#61:  Excusing Delays in Completion

Under the rule that parties to a contract have a duty not to hinder or delay each other’s performance, an owner cannot recover damages for a delay in completion of the contractor’s work if the owner or its agents slowed down the contractor’s performance. But sometimes a third party, or the government, or a casualty or other circumstances will delay final completion of the project of which the contractor’s work is only a part, without hindering the contractor’s own work. In such a case, is the contractor excused from meeting his contractual deadline on the theory that the need for strict compliance with his deadline has become moot — even though the unanticipated circumstance didn’t hinder his work?
An example will illustrate the issue. Suppose an owner contracts separately with two prime contractors — let’s call them “Eastbound” and “Westbound” — each of whom is to build 500 feet of a one-thousand foot tunnel, each at the same unit price per foot, each in 100 days starting on the same day and ending at the same designated point smack in the middle of the mountain. If the tunnel is not completed on time, consider how damages (whether actual or liquidated) should be assessed if:
A. Eastbound reaches the midpoint 10 days late, and Westbound reaches the midpoint 50 days late; or
B. With Westbound well behind schedule, Eastbound — who is tunneling at the rate of five feet per day and is thus on pace to complete on time — takes seven weeks off to do a different job and reaches the midpoint 49 days late, while Westbound reaches the midpoint 50 days late.
Under both scenarios Eastbound will argue that it is off the hook because its failure to meet its target completion date did not delay opening the tunnel given Westbound’s greater delay. The only difference is that under scenario B, Eastbound could have finished on time but chose instead to take advantage of an opportunity to moonlight when some unanticipated “float” fell into his lap.
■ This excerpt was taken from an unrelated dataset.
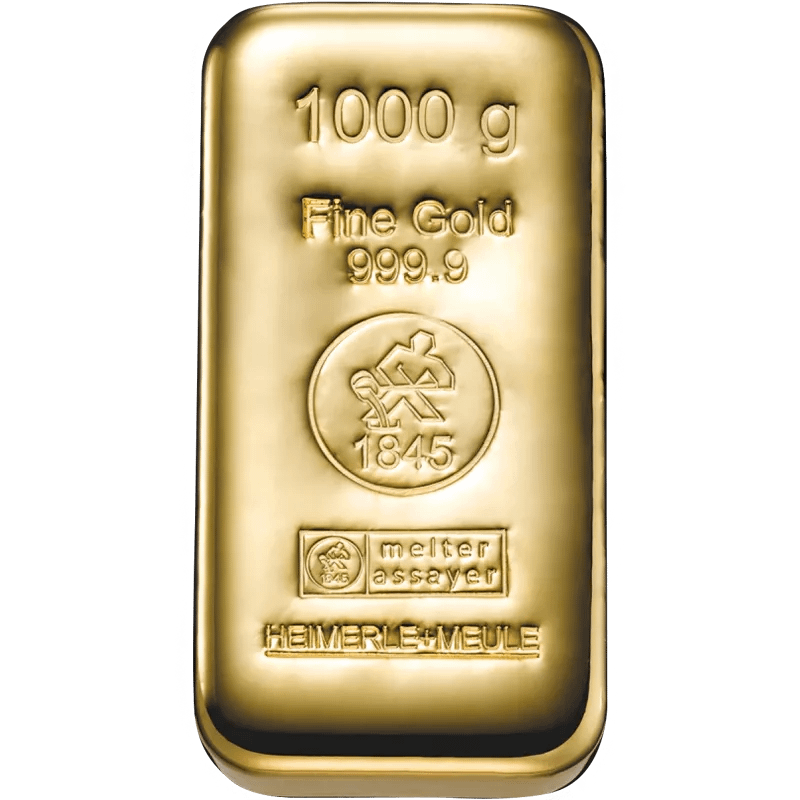 1000 g Goldbarren Heimerle & Meule - gegossen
Contract law recognizes the doctrine of “frustration of purpose,” which “assumes the possibility of literal performance but excuses performance because supervening events have essentially destroyed the purpose for which the contract was made.” Perry v. Champlain Oil Company, 101 N.H. 97, 98 (1957). Normally the doctrine excuses a party’s performance when the value of the contract to the party seeking to be excused has been destroyed by an unanticipated and fortuitous event. But here, timely performance has turned out to be of no value to the owner, who is not the one seeking to be excused from the contractual deadline. Moreover, performance of the entire contract has not lost its value to the owner; only the completion deadline has lost its value, and only for a relatively short time. The commercial frustration defense is a poor fit.
“No harm,” then, does not necessarily mean “no foul.” But it may mean “no remedy.” An owner who must prove actual damages (because there is no enforceable liquidated damages clause), but cannot pin loss of use of the project as a whole on Eastbound, is unlikely to be awarded any damages for the breach. If, however, liquidated damages are sought, the result could be different, since proof of actual damages is not necessary for enforcement of a liquidated damages provision.
Scenario B presents an additional issue. If Eastbound was on pace to finish on time and Westbound was lagging, the owner could have issued change orders adding 100 feet to Eastbound’s scope and deducting 100 feet from Westbound’s scope, resulting in faster completion of the tunnel (120 days rather than 150) at no additional cost. By not keeping Eastbound on site, the owner likely waived any right to complain about late completion of its contract.